Liverpool have not always played in their signature all-red home kit.
In fact, they only started wearing their all-red number since 1964, well after their formation in 1892, when iconic former manager Bill Shankly decided to change their strip in a view to pose as more of a threat to opposition teams.
One of Liverpool’s first-ever strips involved a blue shirt with navy shorts, before it was changed four years later to the red shirt and white socks ensemble that was synonymous in the pre-Shankly years.
“We used to play in white shorts with red stripes, white stockings with red tops and white piping on the jerseys,” Shankly said of the uniform change in 1964.
“But we switched to all red and it was fantastic. The introduction of the all-red strip had a huge psychological effect.”
Shankly made the choice to switch to the all-red on November 24, 1964, the evening before the Reds – as they are now known – were set to face off against Anderlecht in a European Cup second-round first-tie leg at Anfield.
Former player Ian St John said: “Shankly thought the colour scheme would carry psychological impact – red for danger, red for power.
“He came into the dressing room one day and threw a pair of red shorts to Ronnie Yeats. ‘Get into those shorts and let’s see how you look,’ he said. ‘Christ, Ronnie, you look awesome, terrifying. You look 7 feet tall.'”
“We’d just finished training and I was on the way home when Shanks called me back,” recalled then-Liverpool captain Yeats.
“My initial reaction was that I’d done something wrong. Either that or I was getting a pay rise!
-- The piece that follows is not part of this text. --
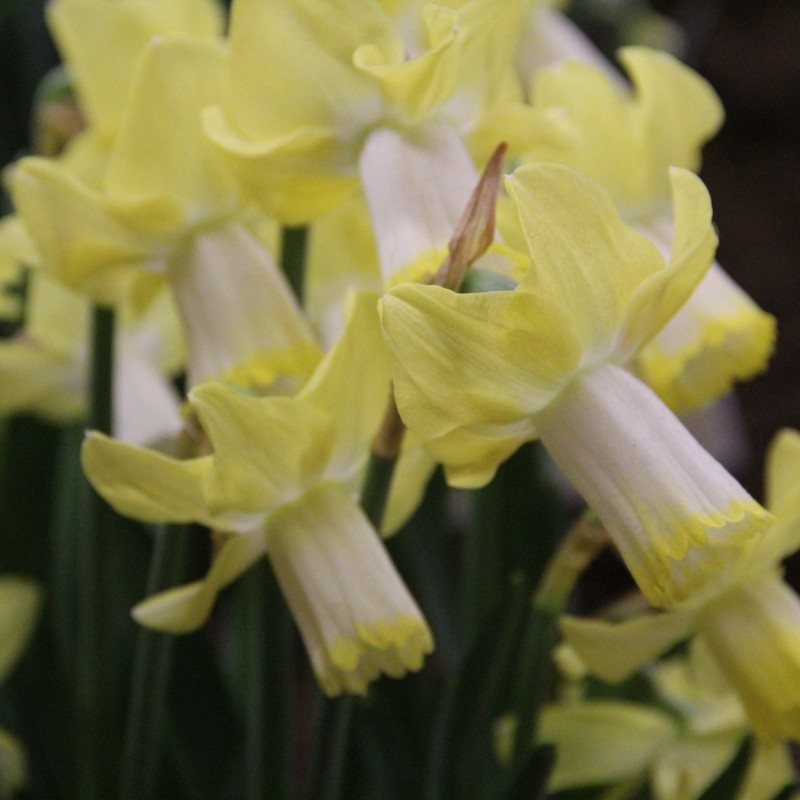 Narcissus 'Inca'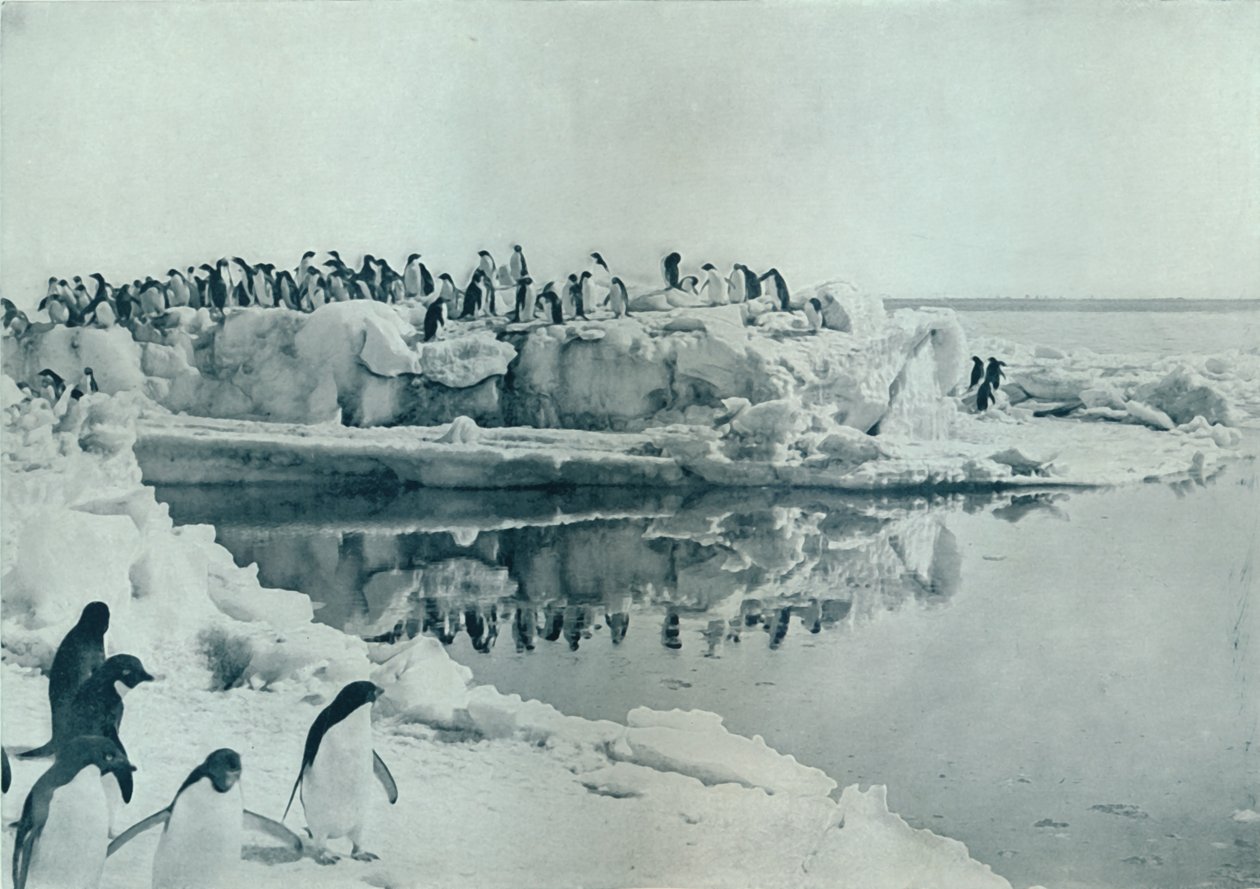 Penguins on Ice-Foot, c1911, 1913 od G. Murray Levick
Anyway, it was neither. ‘I want you to try on this all-red strip,’ he asked. So I went into the dressing room and put it on.”
The switch paid off, with St John netting the opener after just 10 minutes with the game ending in a 3-0 home victory for the Reds.
“I went home that night,” said Yeats, “I said to my wife Ness: ‘You know something… tonight I went out onto Anfield and for the first time there was a glow like a fire was burning.’
“Our game against Anderlecht was a night of milestones. We wore the all-red strip for the first time. Christ, the players looked like giants. And we played like giants.”
From that point onwards, history was made. Shankly was responsible for creating the image of modern-day Liverpool, and enjoyed immense success as manager of the Reds, three League Championships and the European Cup.
He then paved the way for his successors in Bob Paisley and Joe Fagan, who were responsible for some of Liverpool’s most successful, trophy-laden periods.